Mobile app hackathon 2011

This weekend, Chris, Andrew, Elijah and I went to mobile app hackathon in Seattle, a free event for mobile app developers or people interested in development. Both Chris and I had hacked some mobile applications before, but neither Andrew nor Elijah had much experience in mobile development. The night before, Andrew and Elijah hung out here at the apartment, installing IDEs, SDKs and signing up for github accounts. Then we played around with mobile APIs and looked at javascript docs late into the night.

The next morning, Chris showed up and the four of us drove out to the F5 building, just west of the Space Needle. We arrived about an hour early, but we got good seats and first go at breakfast. The morning was presentation after presentation of different mobile-specific SDKs, APIs and services from a number of different companies. Particularly interesting to me were Phonegap, a library that allows the developer to write a mobile app in HTML5/CSS3/javascript, wrap it in Phonegap to get an app that runs on Android, iPhone, Blackberry, and a couple other smart phone operating systems. Another company that had a cool presentation was Sencha, whose product, SenchaTouch, is a javascript library for creating mobile UIs. Amazon came to promote use of AWS as well.

At around noon, developers that wanted extra help and developers that wanted a project to work on milled around in the middle of the room, forming groups for the afternoon hack session. The four of us already had our own ideas so we just began hacking right away. Representatives from the companies that presented in the morning milled around, helping developers with problems using their libraries. Elijah and Andrew worked on College Divestment. The link to the website version of their app is here. I used Sencha and Phonegap to work on an app that I haven’t quite finished yet. Hopefully I’ll finish within the next couple weeks. I’ll post here when I finish.

I spent the first couple hours of the hack session trying to get Phonegap and Sencha to work. It was a little confusing at first, but with the Sencha representative’s help, I was able to get started. He recommended developing the javascript app in the browser, in order to have access to standard javascript debugging tools. After a little bit, it was starting to concern me how slow my app would load on my phone. Whenever I clicked the launcher icon, a white screen would appear on my phone and it would be a full second before the rest of the app loaded. This behavior was consistent and I could replicate it in my browser. I took the problem to the Sencha rep, who looked a little concerned and didn’t know what the problem was. He grabbed a copy of my sourcecode and headed back to his laptop to poke at it for awhile. After another half an hour of trying to figure out the problem, I was getting frustrated with Sencha and decided to head back to native Android. Another half an hour later, the Sencha guy came back and told me he found the bug. It was a bug in the Sencha library that caused the library to wait for a specified amount of time before loading. He pointed me to a specific place in the code to fix the bug, and things worked much better after that. I didn’t end up being able to finish my app, but I got a sizable chunk done, which I was fairly pleased with.

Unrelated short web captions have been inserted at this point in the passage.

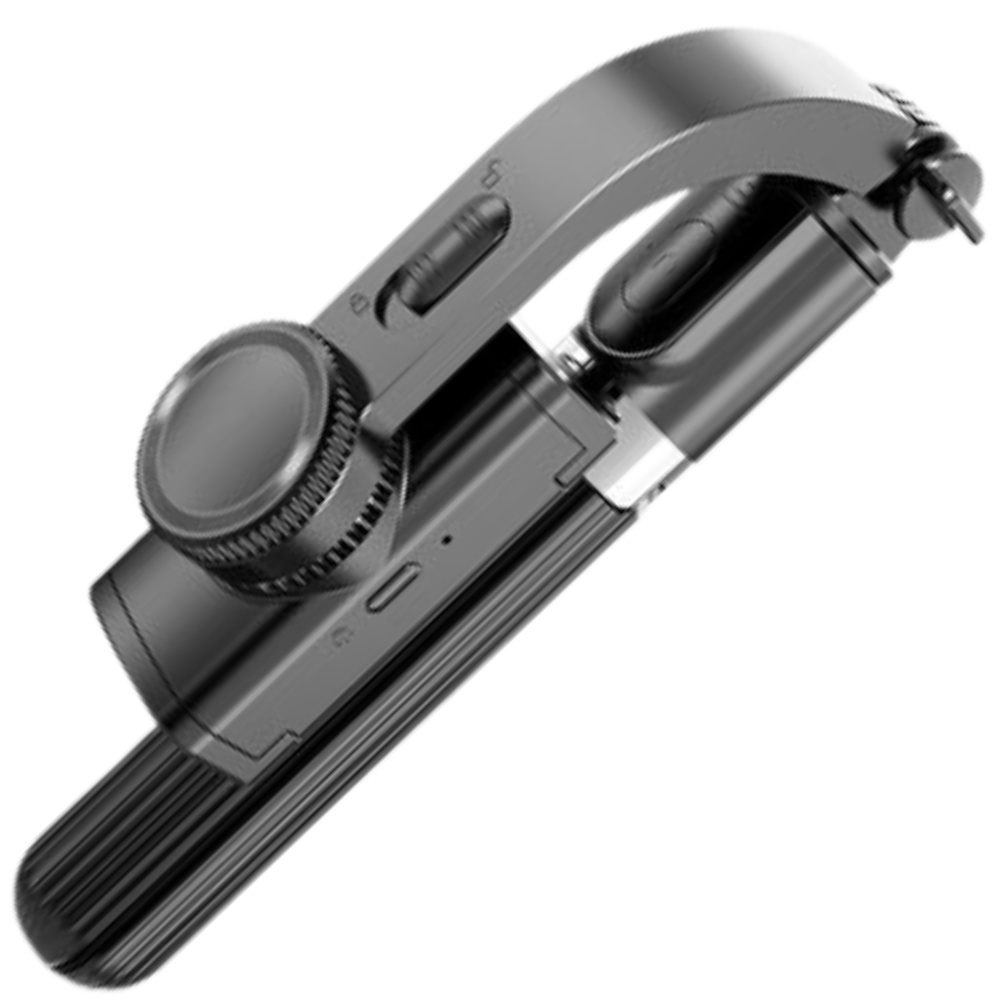 3-i-1 Selfiepinne med gimbal stabilisator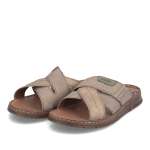 náhled Pánské nazouváky RIEKER 21253-64 béžová S3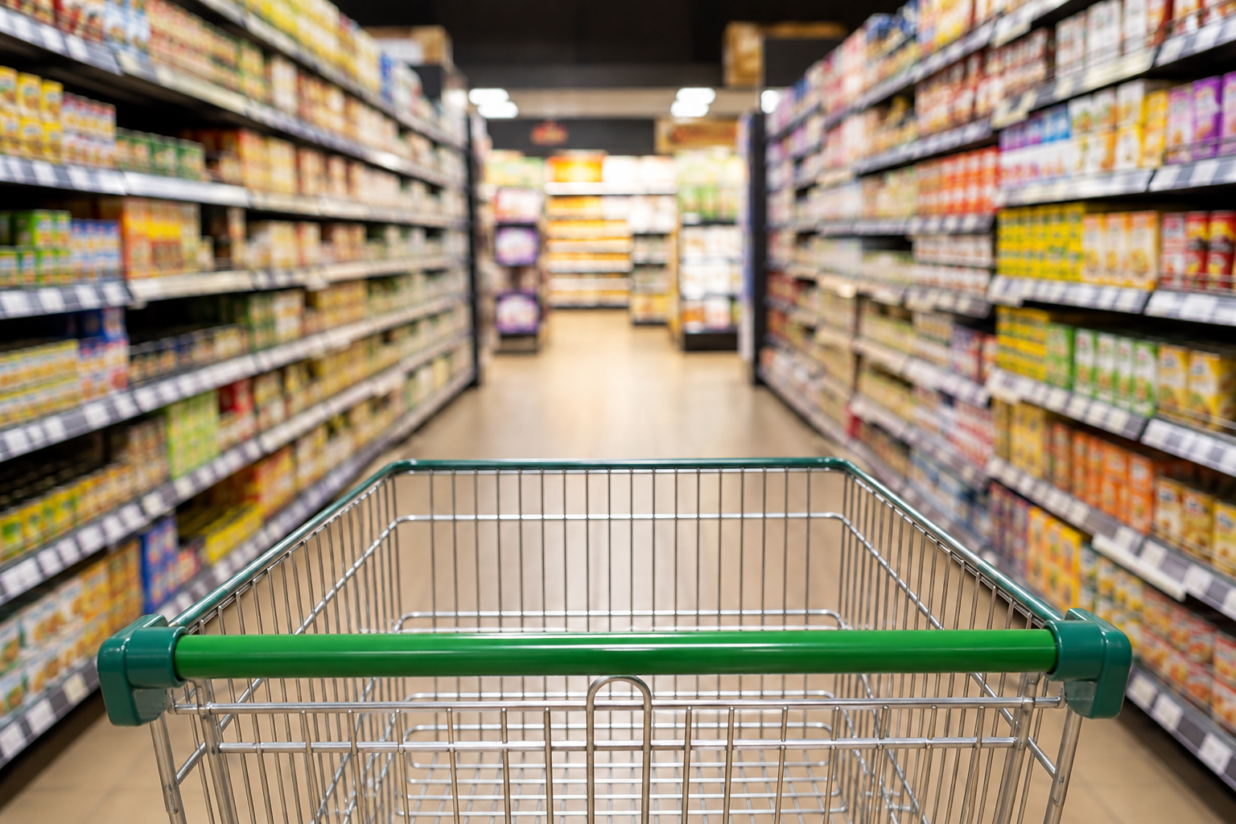 UK Grocery Inflation Eases Further as Food Price Growth Slows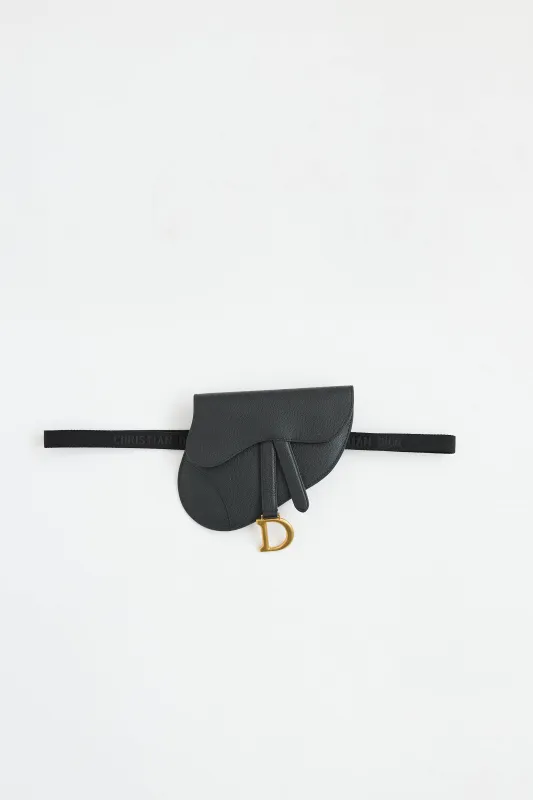 Leather Saddle Belt Pouch made by Dior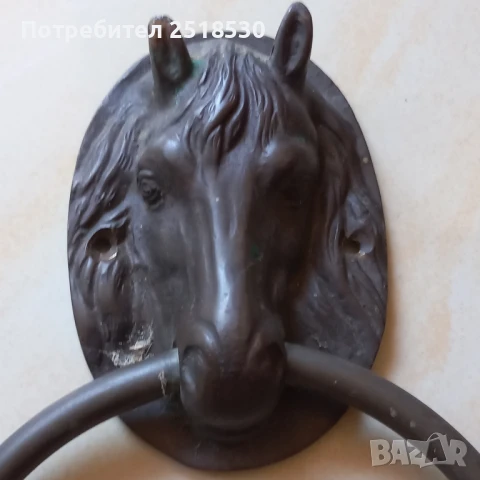 Старинно бронзово чукало за врата , снимка 6 - Антикварни и старинни предмети - 50935132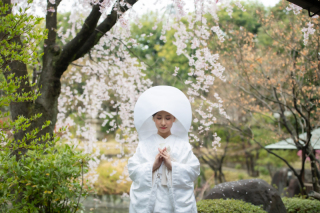 日本庭園で和の美しさ、おふたりの魅力を引き出します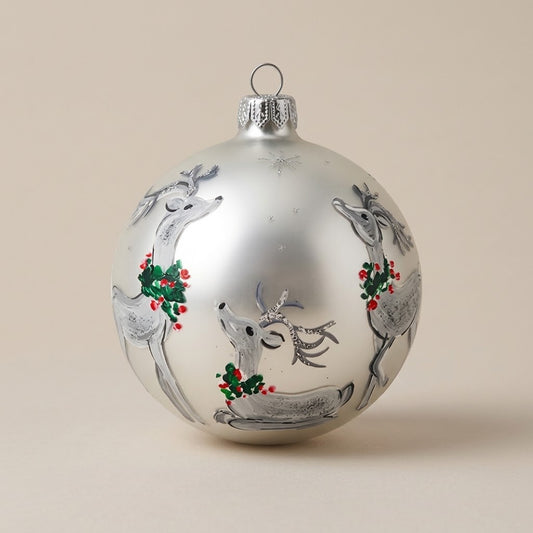 Silver deer ball
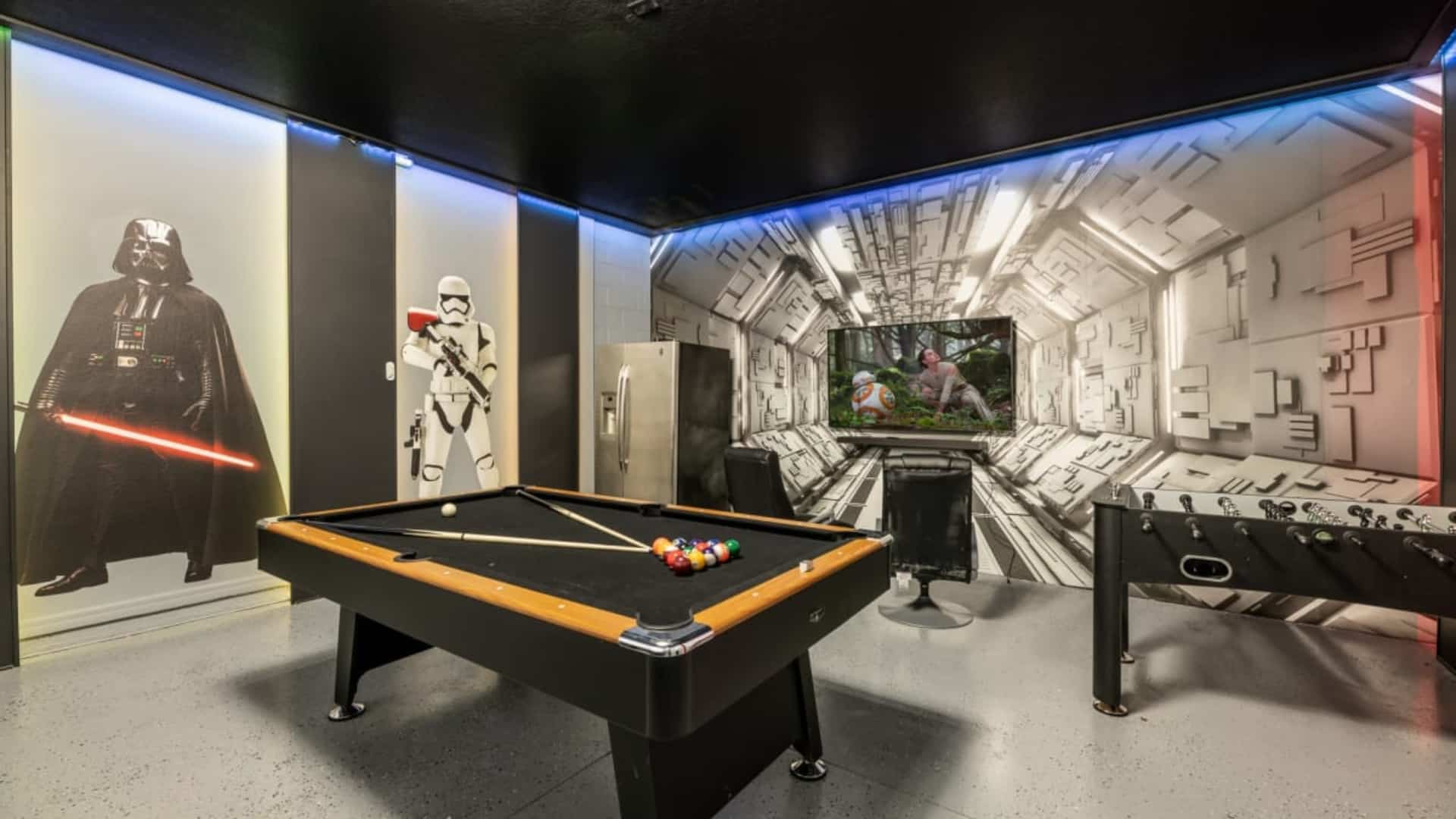 Star Wars Game Room Inspiration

At 6:30, different groups of developers presented their apps to the rest of the group. There were a couple that were interesting, some were boring. Amazon gave $25 gift cards to the developers of the top apps. Andrew and Elijah made it into the top 6! Another winner made an app that blinks green, white and black to attract taxi drivers at night. Congrats to all the winners!

All in all, the mobile hackathon was super fun. We hung out, wrote code, had free food, a free t-shirt, learned new APIs and SDKs. It was also pretty nice to get in-person help with the developers of those libraries. I hope they put on more events.